I've no cleaning regime in place for my machine of 10mths and its never prompted for a clean. Rarely gets used, maybe one or two cups a week. I've seen Puff Caly mentioned a few times on the forum and intend to get some. But what's best, tablet or powder form for the BEs small 54mm basket? Also .. us the PC milk wand cleaner any good?


----------



## ajohn (Sep 23, 2017)

You could use puly cafe tablets. Probably a good idea if your BE disk has a hole in the centre. It blocks the hole for a while. Follow the manual. I only cleaned mine when it told me too. That didn't cause me any problems but the machine is used several times daily so not much time for things to dry out. I did clean behind the shower screen more often.

Hard to say in your case but I might be inclined to do it once a month or bi monthly. Don't forget to remove the shower screen and clean that and what's behind it as well.

I don't know how long it takes you to empty the tank but personally I would worry about that. My machines get refilled more or less daily.

You can also use puly descaling powder. That will help keep the steam wand clean internally. Details of what to do in the manual. I have unblocked it once by simply leaving the end in hot water for 1/2hr.







I only blocked it once though. Unlikely to happen if it's it wiped clean with a damp cloth and given a good blast of steam after frothing. I damp a small part of a small cloth via the hot water outlet to wipe it clean - small part as it gets rather hot.

John

-


----------



## skylark (Feb 27, 2018)

Thanks for that. I've never cleaned the shower head either, is I easy enough to do? Guess I really need to spring clean the machine eh


----------



## ajohn (Sep 23, 2017)

I blunt knife can be used to get the shower screen out taking care not to damage the silicone rubber ring around it. I found an Amazon filter basket removal tool ideal but as they are a bit sharp in places a bit of care is needed. Which ever the shower screen needs levering out. Then it's easy to remove the seal.

They provide a hex key to remove the screw that holds the screen in place.








On youtube some empty the hopper etc and turn the machine over or on it's side. I just put as small mirror on the drip tray so that I can see what I am doing.

John

-


----------



## jonaslt (Jan 10, 2019)

Hello,

This is my first post on the forum. Hopefully I will be able to acquire decent knowledge to perfect my coffee making.

I have recently bought Sage BE and have been using it lately with variable success. But it is fun!

I have been prompted to do the cleaning for the first time.
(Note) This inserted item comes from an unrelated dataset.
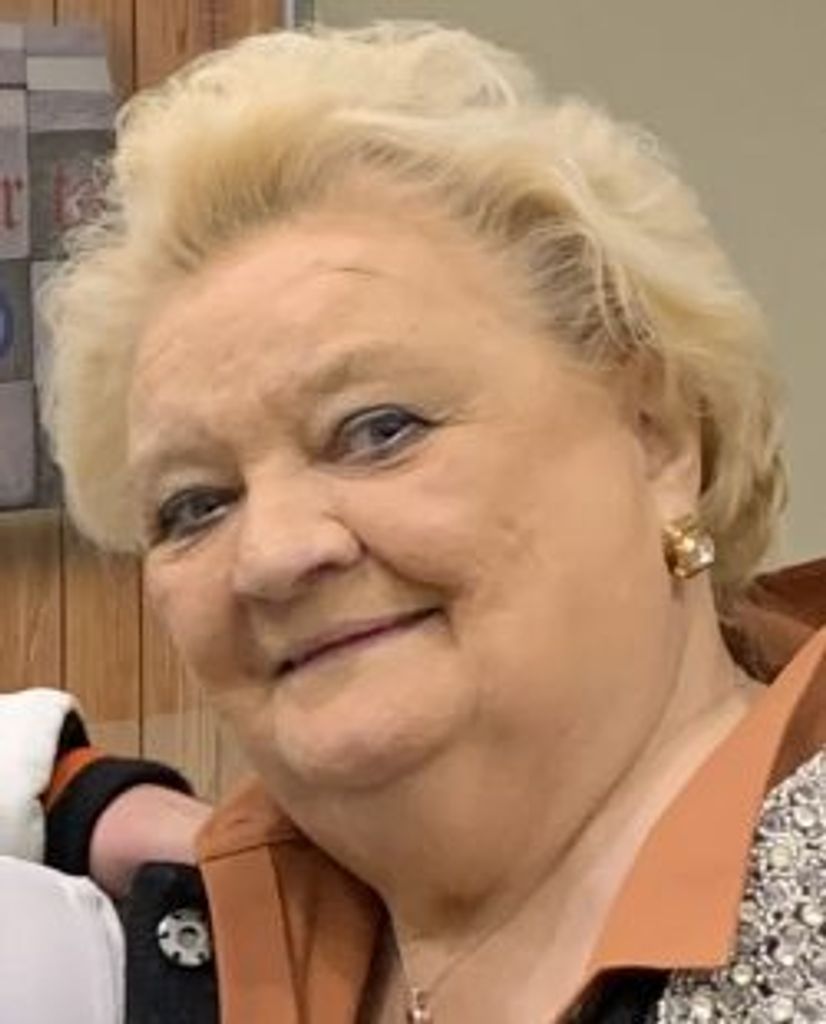 Michelle  S. (Lloyd)  Coviello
I have a question - once I started the procedure with disc and tablet in the portafilter, with every step the pressure seems to go to the high limit and no output is coming through portafilter. Is it normal? What could be the reason?

Also, does the cleaning disk have a hole in it?

Anybody experienced anything similar?

Thanks!


----------



## skylark (Feb 27, 2018)

Might help to look at this post

https://r.tapatalk.com/shareLink?url=https%3A%2F%2Fcoffeeforums%2Eco%2Euk%2Fshowthread%2Ephp%3Ft%3D48009&share_tid=48009&share_fid=6813&share_type=t

Seems normal enough on a BE.


----------